Does our Integrated ESG approach work?
We created an unconventional model using NLP techniques on 10-Ks to discover ESG information embedded in corporate communications. Once we have the portfolio of stocks, we perform cross-validation to assess whether our selection will accurately capture ESG performance in practice. Cross-validation is essential to test the model’s ability to predict both financial and ESG performance with unknown datasets such as new 10-Ks.
Validation of risk and returns
A good ESG model should deliver on its promise of high returns and low risks. Typically, a fund with solid ESG integration should be expected to have lower risk exposure and above average long-term returns. Our methodology highlights important differences between well-governed companies and their peers. Based on the words they use, we find that well-governed companies are financially more conservative (controlling for size and industry), have less debt and higher liquidity, and that they invest more in innovation and are less prone to mass layoffs.
Validation of social and environmental aspects
In our model, we follow the key principle that governance drives environmental and social choices. In ESG, G drives E and S. To verify whether our selection of 100 stocks measures both environmental and social aspects, we benchmark our selection with the ESG scores from Sustainalytics and RobecoSAM. The scores from both providers range from 0 to 100, with 100 being the best performance score in social and environmental performance. We can see that well-governed companies consistently outperform the S&P 500 and bottom 100 companies across environmental and social ratings.
Total investment impact
Impact-Cubed is an independent rating company. Its ESG ratings have been used by institutional investors to report on portfolios, inform their product development and investment processes, and research and compare investment products. We used it to obtain a Portfolio Impact Footprint of our investments. To measure the overall ESG impact of our portfolio, we loaded our fund level data to match Impact-Cubed’s coverage of more than 10,000 global companies from 2018 to 2020.
The comparison shows that our portfolio was in the top quartile of companies with the most positive impact in 2019, In fact, we are approaching the maximum possible ESG and sustainability performance. This again confirms our NLP analysis of 10-Ks and our belief that governance drives environmental and social choices.

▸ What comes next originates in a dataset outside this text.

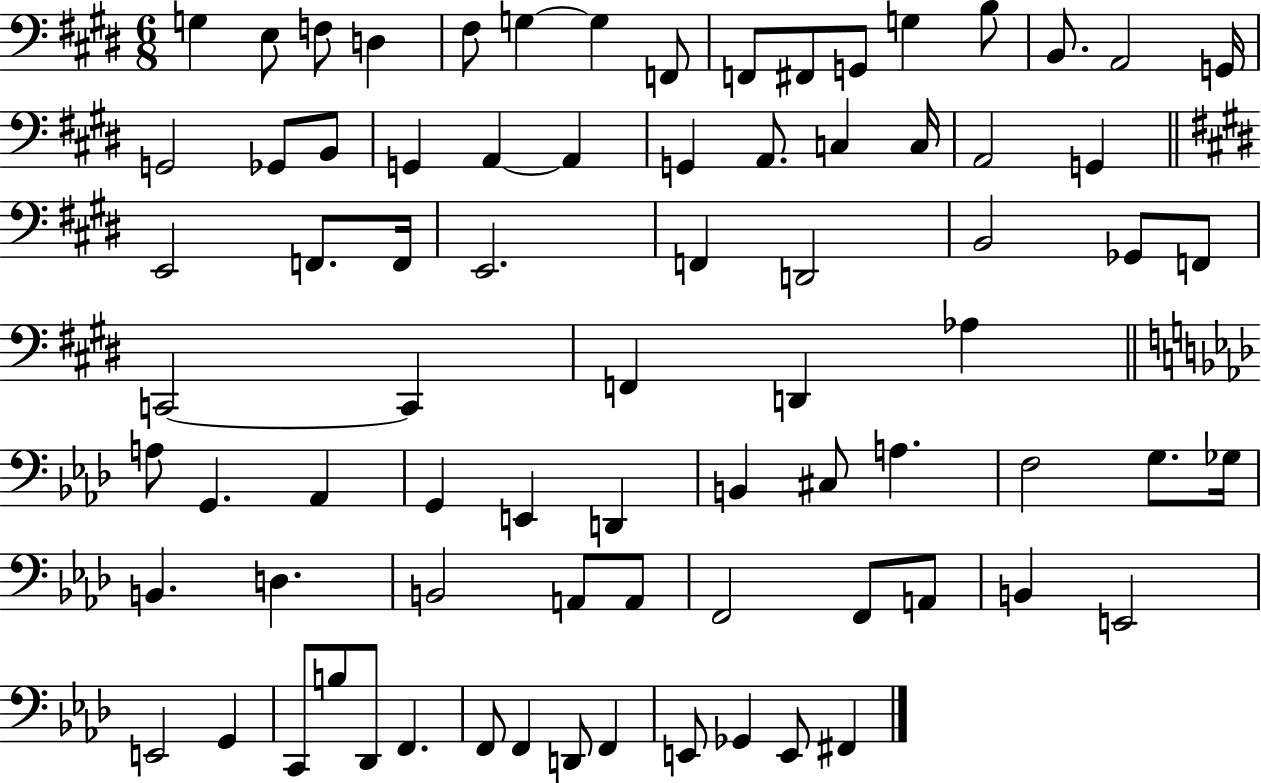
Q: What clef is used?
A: bass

Backtest and live performance
Our methodology reconciles the paradox that traditional ESG scores or rankings do not generate alpha consistently. When looking at the issue fundamentally, there should be a causal relationship between ESG practices and stock performance, since well-governed companies paying attention to ESG dimensions would have lower risks, notably on reputation damage, and higher upside opportunities, notably by investing in clean, renewable, and emerging technologies. The problem is not about the fundamental ESG idea, but genuine measures of ESG implementation at firm level.
The UN Principles for Responsible Investment (PRI) have been widely accepted in recent years. ESG investing is becoming a mainstream investment approach. However, there is a significant hurdle to ESG analysis in terms of acquiring accurate, comprehensive, comparable, consistent, and audited information. The lack of a credible ESG ranking and scoring methodology has become a challenge for generating ESG alpha.
Our systematic approach has generated consistent alpha with lower volatility. In addition, various cross-validation test results have shown that our portfolio has a positive impact on sustainability. During the crises in 2008 and 2020, our investments experienced lower drawdowns and quicker recovery. For us, ESG integration goes beyond aspiration and has a positive impact on portfolio returns. This approach has become a key differentiator.